I have an .xlsx
file that I want to download with Python. If I click on the following URL https://www.science.org/doi/suppl/10.1126/science.aad0501/suppl_file/aad0501_table_s5.xlsx it automatically downloads it with no problems. However, the following code
import requests
url = "https://www.science.org/doi/suppl/10.1126/science.aad0501/suppl_file/aad0501_table_s5.xlsx"
with open("this_is_a_test.xlsx", "wb") as f:
r = requests.get(url)
f.write(r.content)
print(r.ok)
outputs True
and downloads the HTML page instead of the xlsx file. What is even more frustrating is that the same code worked perfectly fine before but for some reason changed its behaviour in the last 24h.
This thread and this thread discuss similar problems, however in both cases there is a login barrier which in my case is not present.

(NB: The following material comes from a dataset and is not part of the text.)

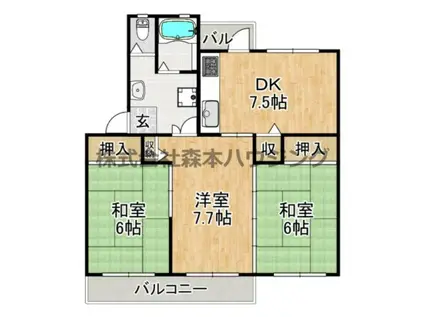 香里三井第4A30棟(3DK/2階)の間取り写真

EDIT 1: After executing the code above and typing head this_is_a_test.xlsx
in my terminal, this is the output I get:
<!DOCTYPE html>
<html lang="en" class="pb-page" data-request-id="fe043004-5c5a-4d2e-a323-cc9b39aa3339"><head data-pb-dropzone="head"><meta name="pbContext" content=";wgroup:string:Publication Websites;page:string:Cookie Absent;website:website:aaas-site" />
<script>AAASdataLayer={"page":{"pageInfo":{"pageTitle":"","pageURL":"https://www.science.org/action/cookieAbsent"},"attributes":{}},"user":{}};if(AAASdataLayer&&AAASdataLayer.user){let match=document.cookie&&document.cookie.match(/(?:^|; )consent=([^;]*)/);if(match){let jsonObj=JSON.parse(decodeURIComponent(match[1]));AAASdataLayer.user.cookieConsent=jsonObj.Marketing?'true':'false';}}</script> <link type="text/css" rel="stylesheet" href="/pb-assets/css/local-1639500397097.css">
<title>AAAS</title>
<meta charset="UTF-8">
<meta name="robots" content="noarchive,noindex,nofollow" />
<meta property="og:title" content="AAAS" />
<meta property="og:type" content="Website" />
<meta property="og:site_name" content="AAAS" />
<meta name="viewport" content="width=device-width,initial-scale=1,maximum-scale=1, user-scalable=0" />
EDIT 2: Okay, so apparently the code downloads the Excel file when executed once, but changes the behaviour when executed a second time. Downloading it manually (by clicking on the link) still works. So, I guess there might still be a workaround for it?